↓↓↓

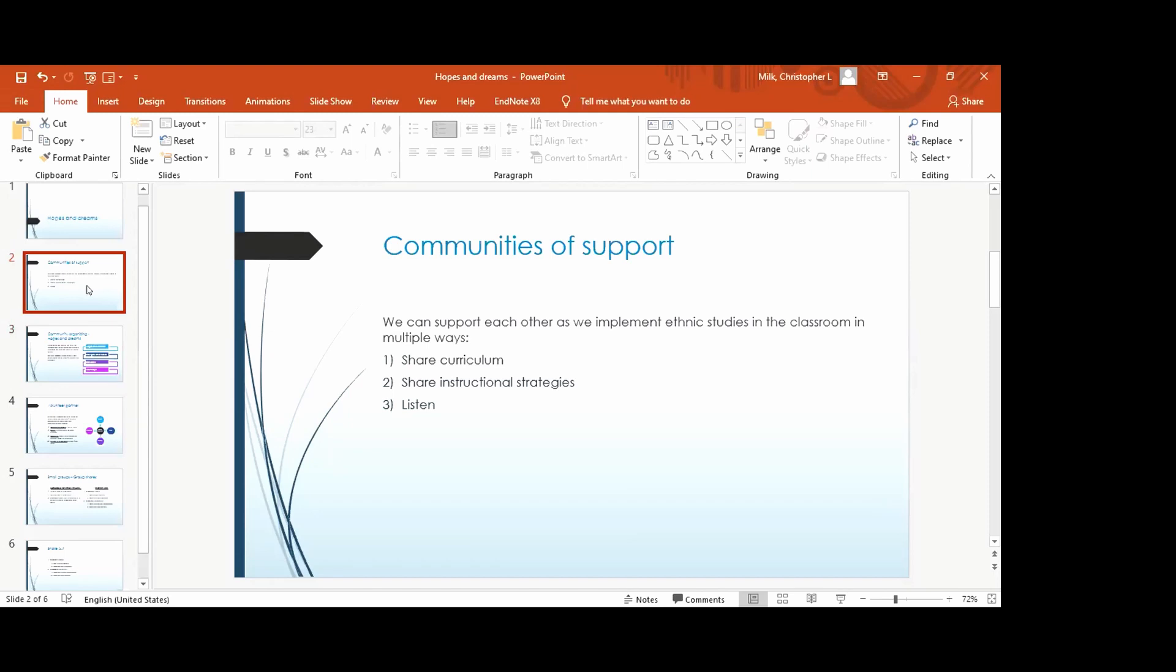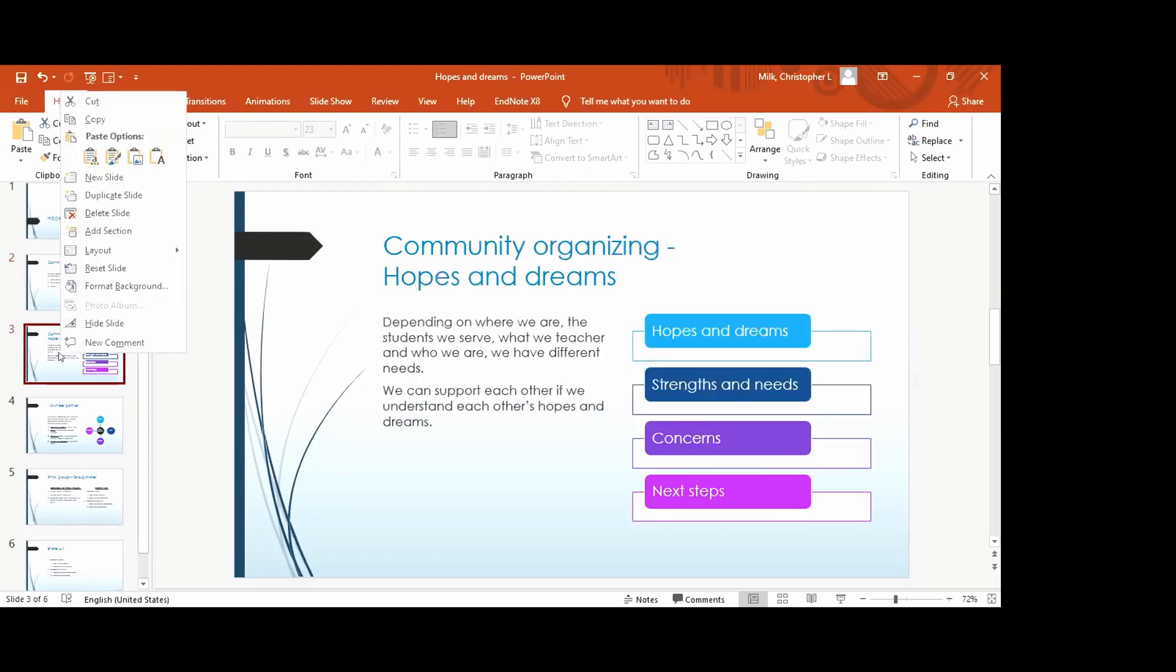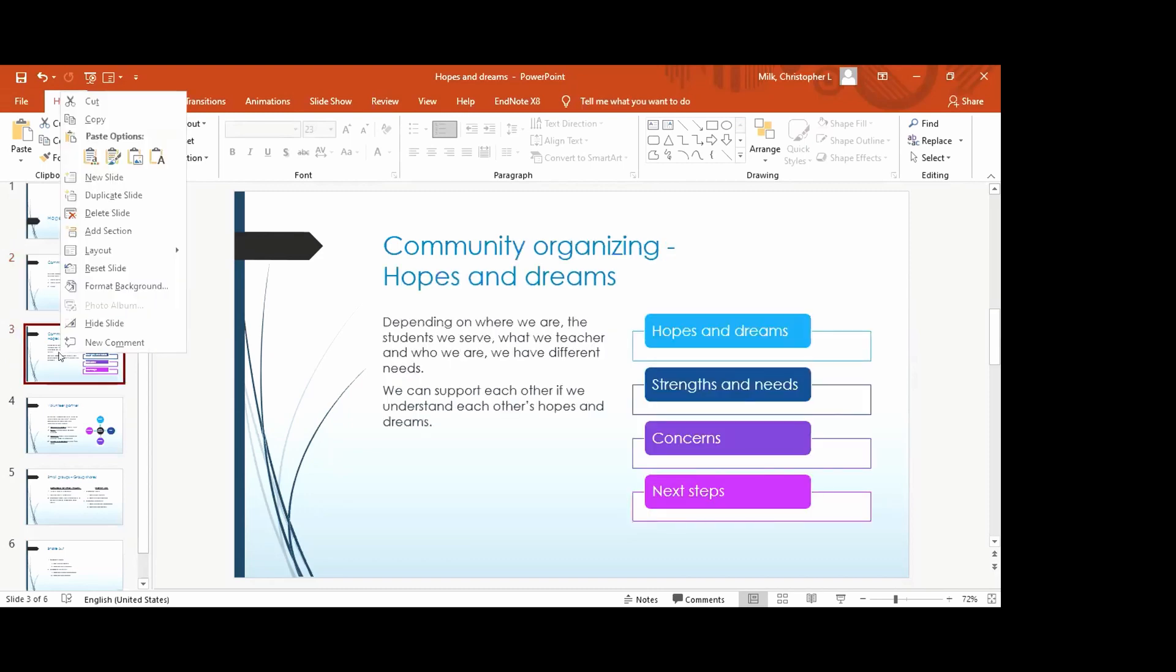And the groups that I've been working on come together to share curriculum, share instructional strategies, but also just do intense listening that only teachers who understand what other teachers are going through can go through. We talk about creating healing spaces. That's becoming really crucial after this year. So generally it happens first you do this as partners.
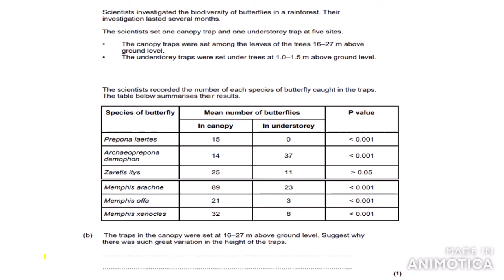The final question looks quite intimidating, but we are only going to do part of it as it is synoptic — it crosses over with A2 content. Scientists investigated the biodiversity of butterflies in the rainforest over several months. They set one canopy trap and one understory trap at five sites. The canopy traps were set among the leaves of trees 16 to 27 metres above ground level, and the understory traps were set under trees at 1 to 1.5 metres above ground level. A good exam tip: when there are numbers in the question, always highlight them as they often require reference when answering.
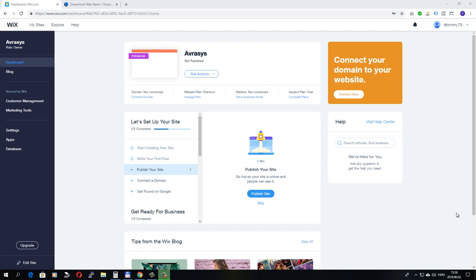Hello, in this tutorial I will show you how to connect a domain name that was registered at an external provider to a Wix website.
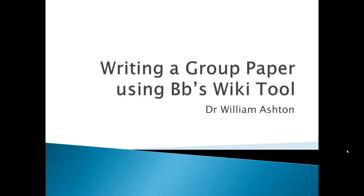Okay, welcome everybody. This is writing a group paper using Blackboard's wiki tool.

↑↑↑

## [Assignment]
The full listing must come back exactly as written, with its pictures left out.

## [Answer to this problem]
And the groups that I've been working on come together to share curriculum, share instructional strategies, but also just do intense listening that only teachers who understand what other teachers are going through can go through. We talk about creating healing spaces. That's becoming really crucial after this year. So generally it happens first you do this as partners.
The final question looks quite intimidating, but we are only going to do part of it as it is synoptic — it crosses over with A2 content. Scientists investigated the biodiversity of butterflies in the rainforest over several months. They set one canopy trap and one understory trap at five sites. The canopy traps were set among the leaves of trees 16 to 27 metres above ground level, and the understory traps were set under trees at 1 to 1.5 metres above ground level. A good exam tip: when there are numbers in the question, always highlight them as they often require reference when answering.
Hello, in this tutorial I will show you how to connect a domain name that was registered at an external provider to a Wix website.
Okay, welcome everybody. This is writing a group paper using Blackboard's wiki tool.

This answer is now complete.